Behavioral health is one of over a hundred nursing specialties registered nurses (RN) can choose between as they work to further their career, education, and interests. Choosing to pursue a specialty is exciting and yet can be overwhelming as well. Do you think behavioral healthcare might be the pursuit for you?
Behavioral health might be precisely suitable for you! Here, we’ll explore the meaning of the term and how that applies to the specific tasks you can expect to be part of a job description for an RN in behavioral health. We’ll further explore the characteristics and interests of nurses who find satisfaction in this specialty so they can make more informed decisions.
Is Behavioral Health the Same Thing as Mental Health?
The term behavioral health is often confused with mental health. While this confusion of terms isn’t far-fetched, it isn’t quite right. Behavioral health is a broader term than mental health. The World Health Organization (WHO) defines mental health as:
“Mental health is a state of mental well-being that enables people to cope with the stresses of life, realize their abilities, learn well and work well, and contribute to their community.”
In contrast, behavioral health is defined as: “Behavioral health describes the connection between behaviors and the health and well-being of the body, mind, and spirit.” Perhaps, that is still a little too vague. Ultimately, behavioral health refers to your mental health and behaviors that reflect your mental, physical, and spiritual health.
Behavioral health is more than diagnosing a mental health disorder and prescribing treatment. Behavioral health indicates that we also assess their behaviors and environments and look at their motivations and physical health.
Behavioral Health Nursing Is More than Prescribing Medications
Behavioral health and behavioral science theories are an integral part of public health nursing as well. Public health nursing focuses on making community changes instead of individual differences, often utilizing behavioral health theories. Moreover, the theories can be applied in mental health settings as well. At the same time, most behavioral health nurses work in a mental health treatment environment.
Behavioral science theories focus on changing the behavior of the patient. Some examples of behavioral approaches being used in nursing today include:
- Integrated Behavioral Model
- Theory of Planned Behavior
- Social-Cognitive Theory
- Theory of Reasoned Action
- Health Belief Model
- Transtheoretical Model
What Types of Clinicians Work in Behavioral Healthcare?
Just as the term behavioral health is broad, so is the range of professionals working within behavioral healthcare.
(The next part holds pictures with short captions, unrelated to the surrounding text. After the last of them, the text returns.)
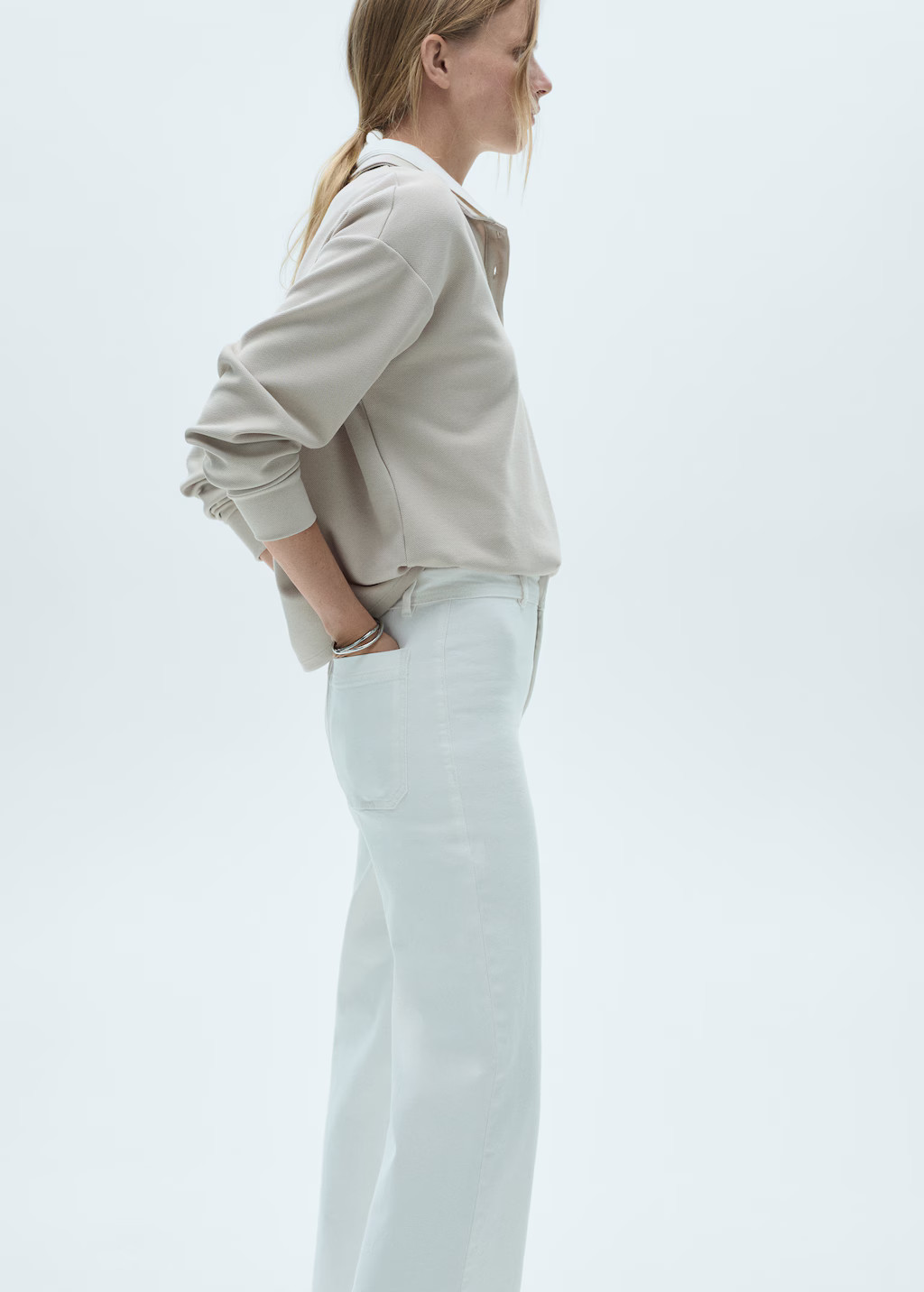 Catherin high-rise culotte jeans - Woman | MANGO USA | MANGO (US)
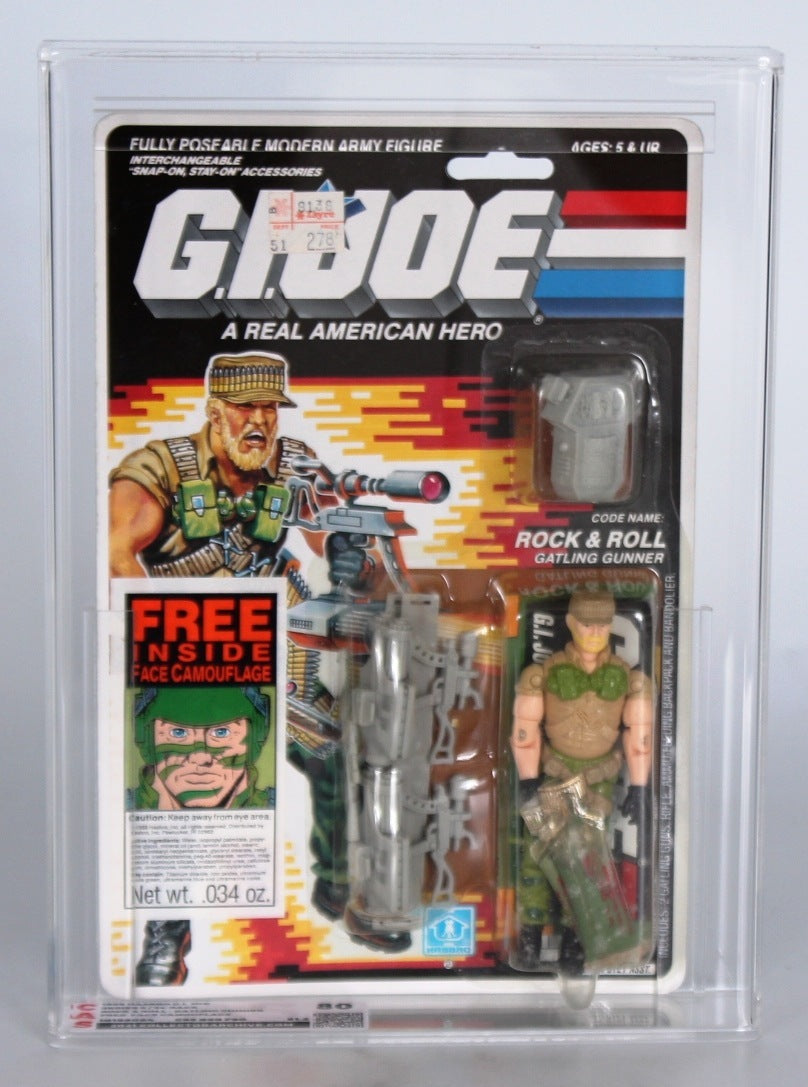 Rock & Roll w/Camo (GI Joe, Hasbro) **CAS Graded 80** product image 2, provided for visual reference and product detail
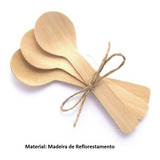 20 Colherzinha De Madeira Bambu Biodegradável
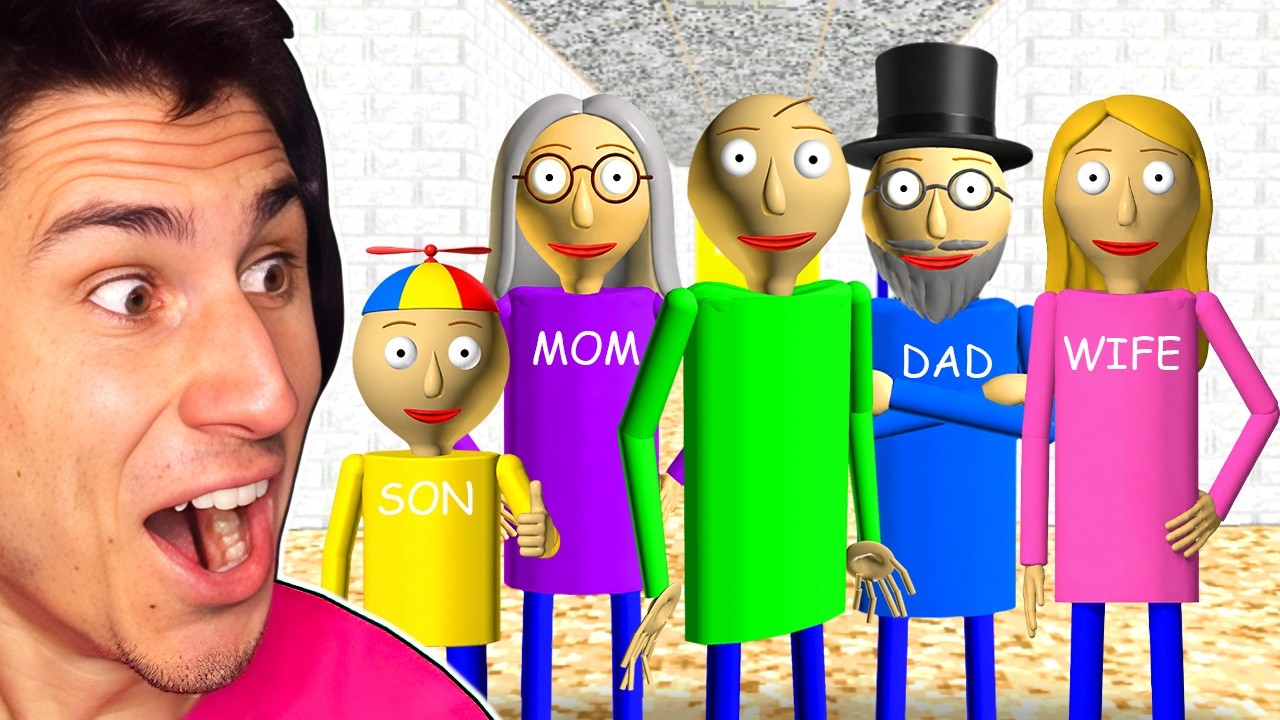 Baldi Brought His WHOLE FAMILY To School! Baldi Brought His WHOLE FAMILY To School!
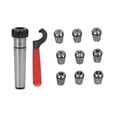 thumbnail image 2 of ER25 Spring Clamps Set, Reliable High Efficiency Exquisite Workmanship Morse Taper Connecting Shaft High Accuracy With Wrench For Machine Tool For Lathe, 2 of 8
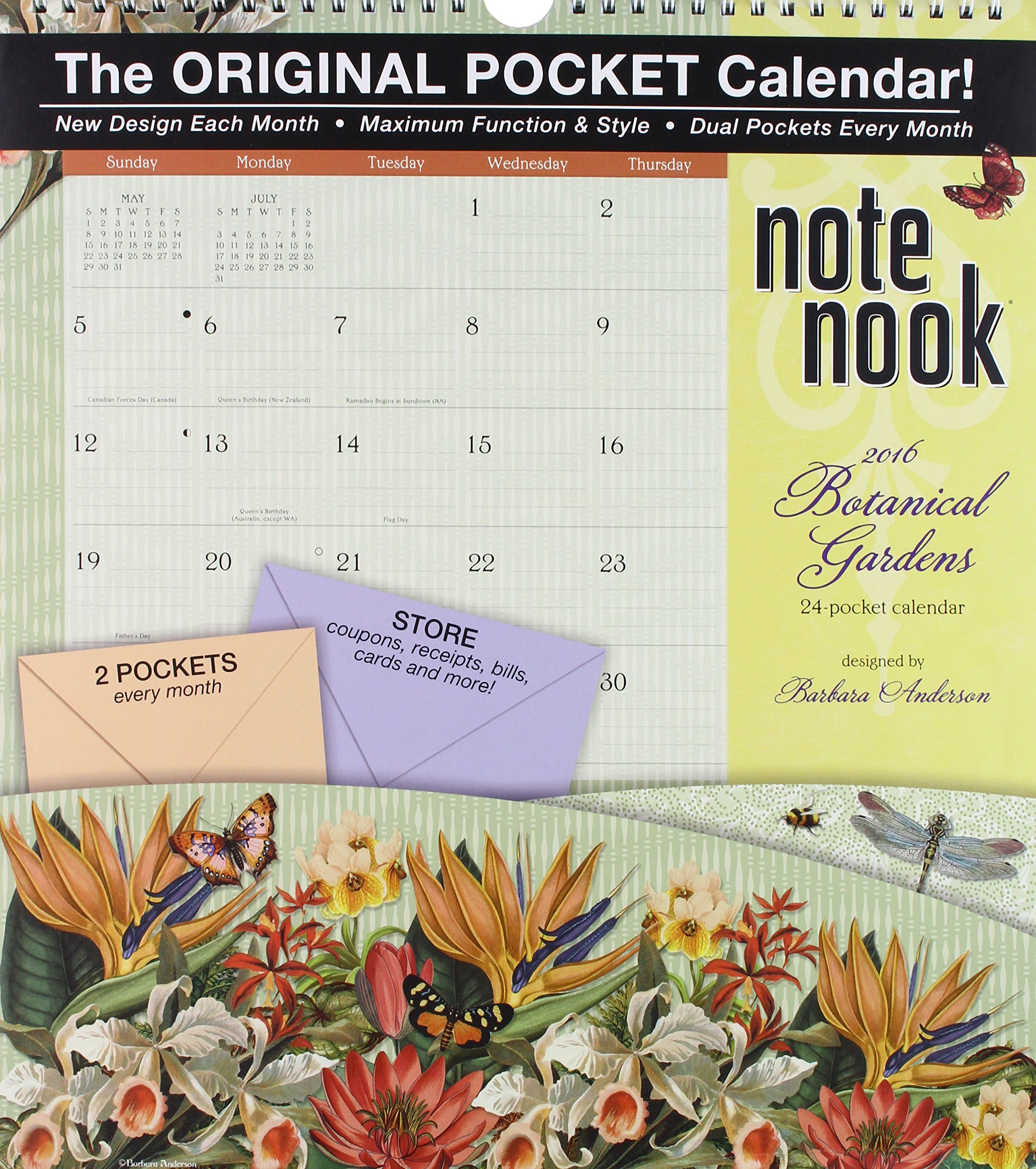 Botanical Gardens Note Nook 2016 Calendar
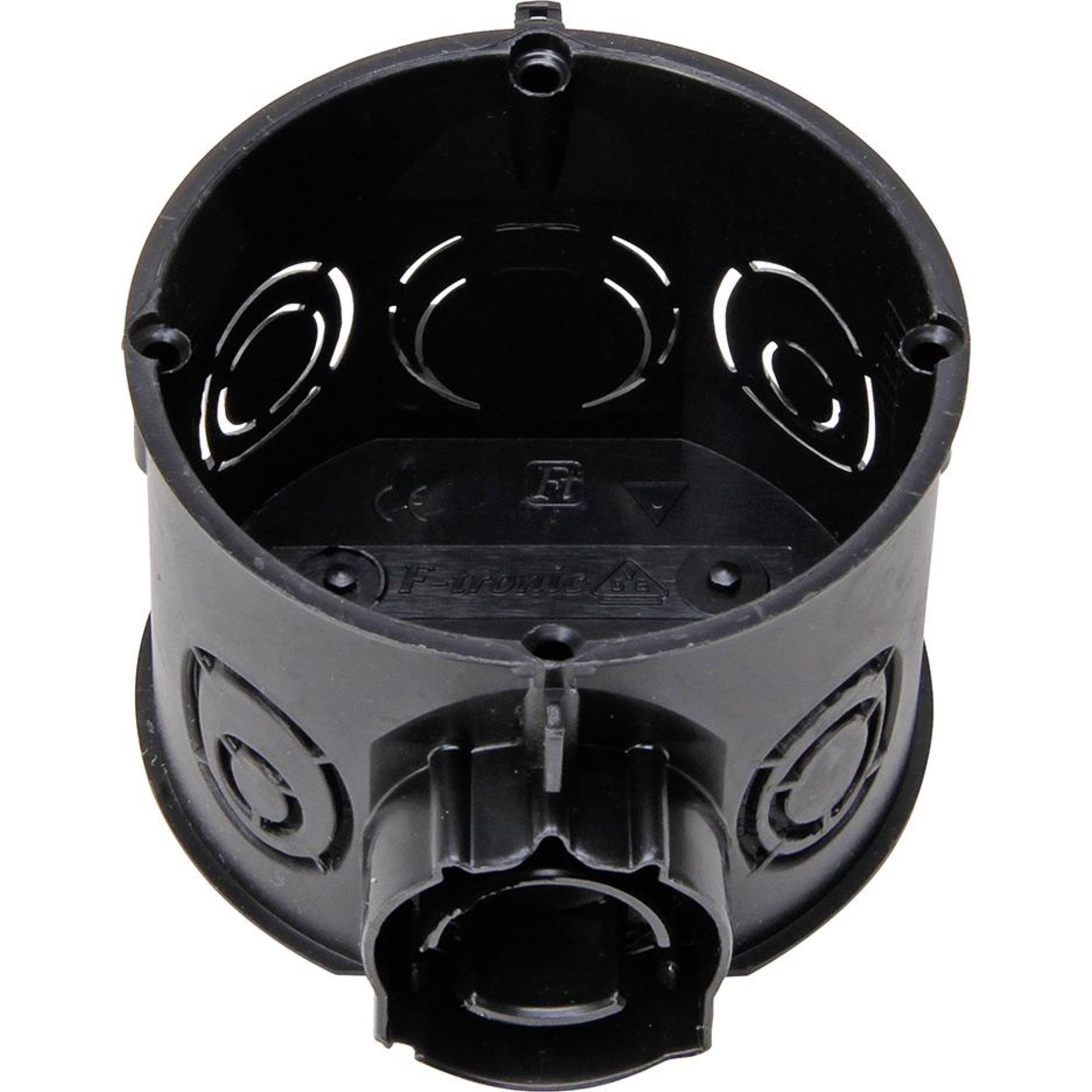 Schalter-Dose ISO 60mm Ø 45mm tief schwarz Kopp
If you want a job in behavioral health, you can expect to collaborate with clinicians from the following disciplines:
- RNs and APNs (advanced practice nurses)
- Nurses practitioners (NPs)
- Social workers
- Licensed practical/vocational nurses (LPN/LVNs)
- Certified nursing assistants (CNAs)
How Much Do Clinicians Earn in Behavioral Health?
Here’s a breakdown of the average salary and hourly wages clinicians earned in 2021 in Mental Health and Substance Abuse (data sourced from the U.S. Bureau of Labor Statistics)
- RNs earned an average salary of $80,260 or $38.59 per hour.
- NPs earned $131,830 annually or $63.38 hourly.
- LPNs/LVNs earned an average of $52,440 per hour or $25.21 per hour.
- CNAs earned $34,480 as an average salary or $16.58 hourly.
You Might Be a Behavioral Health Nurse If:
- You have an interest in behavioral psychology.
- You are interested in the context of your patient’s health.
- You can see your patients as flawed humans (just like everyone else) instead of a number or a problem to be solved.
- You can have compassion while still maintaining personal boundaries.
- You are interested in furthering your education.
- Job security is a priority for you.
How to Find Jobs in Behavioral Healthcare Near You
Download the Nursa staffing smartphone app that brings the entire hiring process from job search to job acceptance to the palm of your hand. With Nursa, you can search for jobs near you, adjust your geographic location, and search again. Hundreds of PRN behavioral healthcare jobs are within your radius, and you can connect to them today.
Job security is absolutely a positive component for nurses working in behavioral healthcare. Search for nursing jobs that include BHU (behavioral healthcare unit), a psychiatric unit, residential care, or mental health.
Working PRN jobs in behavioral health is a terrific way to build confidence that this specialty is the right one for you. You gain experience and can work in various facility settings to determine which setting will allow you, or even encourage you, to work holistically in behavioral health.